• **What is being asked**: Using only the entries below, copy exactly the lines that begin at the one with "Leblu Boho Style" and end at the one with "4 Rustic Elk", both included. Drop the pictures.

• **Data supplied**:
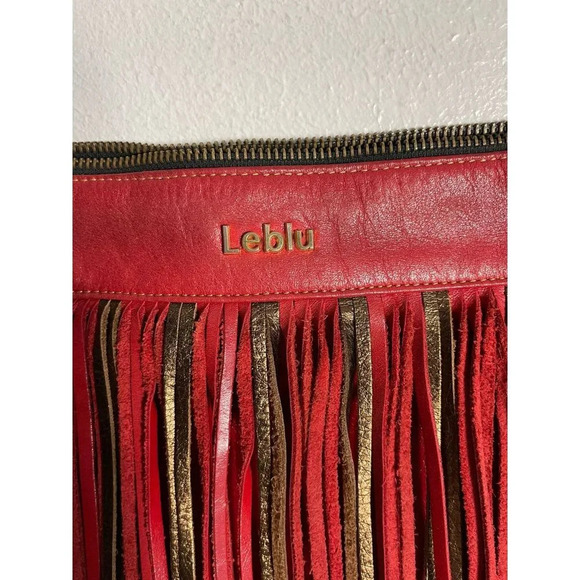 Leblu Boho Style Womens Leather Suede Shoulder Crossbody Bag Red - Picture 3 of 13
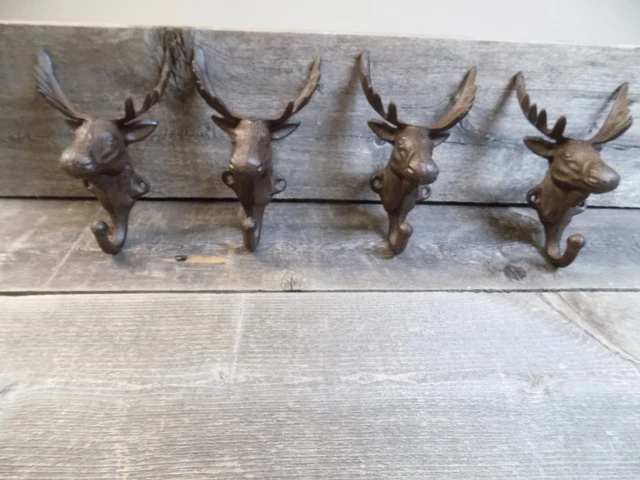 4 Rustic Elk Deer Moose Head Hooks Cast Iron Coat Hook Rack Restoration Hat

---

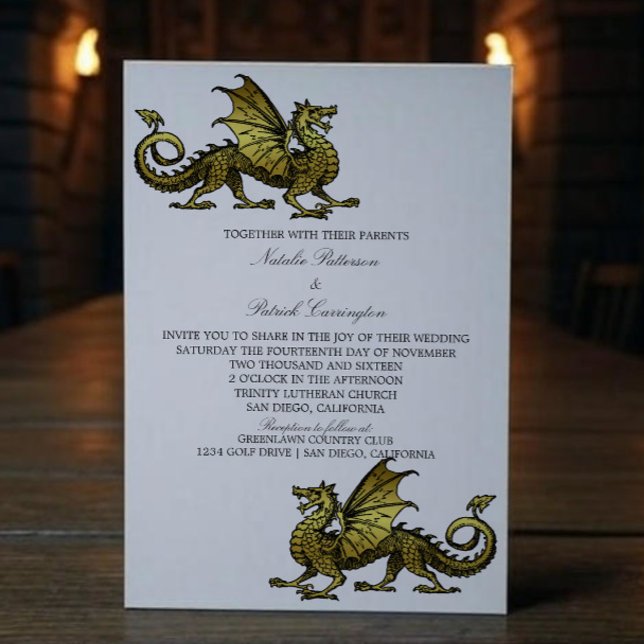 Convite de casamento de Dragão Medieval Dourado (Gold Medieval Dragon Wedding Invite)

• **Task response**:
 Leblu Boho Style Womens Leather Suede Shoulder Crossbody Bag Red - Picture 3 of 13
 4 Rustic Elk Deer Moose Head Hooks Cast Iron Coat Hook Rack Restoration Hat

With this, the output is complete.